La guerra. Y los soldados que van a la guerra. Se les convoca y se les manda a luchar por la defensa de ideales, valores y democracia. El desaparecido Camilo José Cela (Iria Flavia, Coruña, 1916-Madrid, 2002) se refiere en su Oficio de tinieblas 5 con un elegante sentido de denuncia que no deja de encerrar verdades tremendas, a este trámite que ha venido practicándose desde que el mundo es mundo.
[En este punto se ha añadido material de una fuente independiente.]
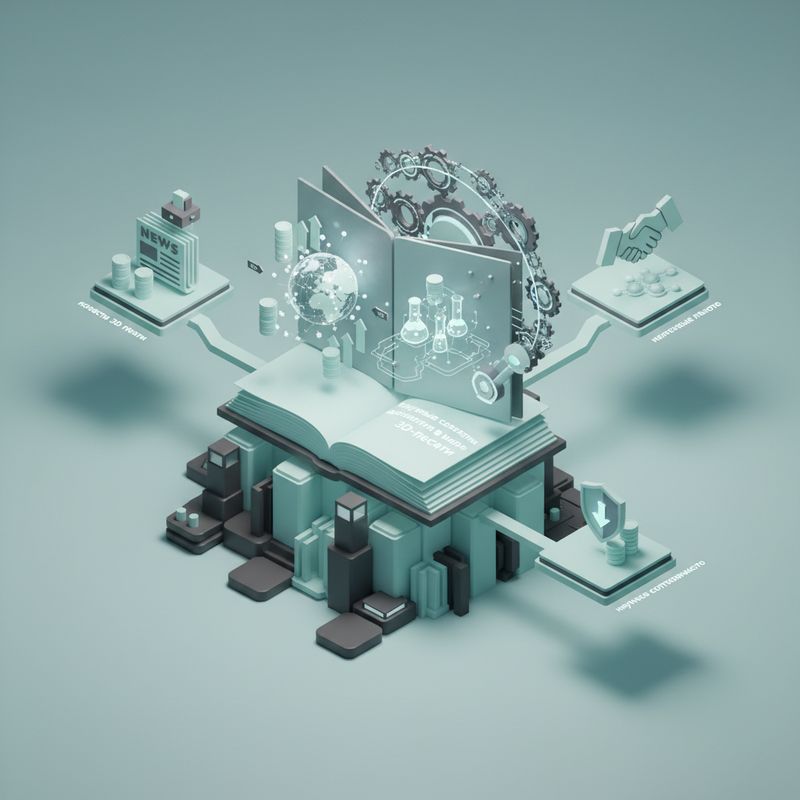 Ключевые события в мире 3D-печати: инвестиции, исследования и инновации сентября 2026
Dice él: «Los soldados van a la guerra cantando porque creen que la guerra es sólo la guerra pero después guardan muy grave silencio y lloran con una amargura infinita en este momento sus madres y sus novias aprovechan para perfumarlos con humo de sándalo y esencia de jazmín húngaro y de menta no tú rechaza el perfume y afiánzate bien sobre los riñones como cuando vas montado a caballo escúpeles a la cara sin exceso para que no te guarden gratitud y huye despavoridamente sin recato alguno húyele a la guerra no temas morir en el combate tú ya estás muerto antes de entrar en combate lo ignoras pero te mataron en tu casa cuando salías para la guerra ignorante de que la guerra no es sólo la guerra te mataron en las escaleras de tu casa con un alambrito casi invisible mientras bajabas las escaleras de dos en dos camino de la guerra muy contento y silbando canciones de soldados puente de los franceses o cualquiera otra date grasa por todo el cuerpo para que resbalen las mujeres que te quieren abrazar tu madre tu novia la madre de tu primo y su novia diles con un hilo de voz que se abracen las unas a las otras igual que las temerosas almas que pueblan el infierno» (p. 29).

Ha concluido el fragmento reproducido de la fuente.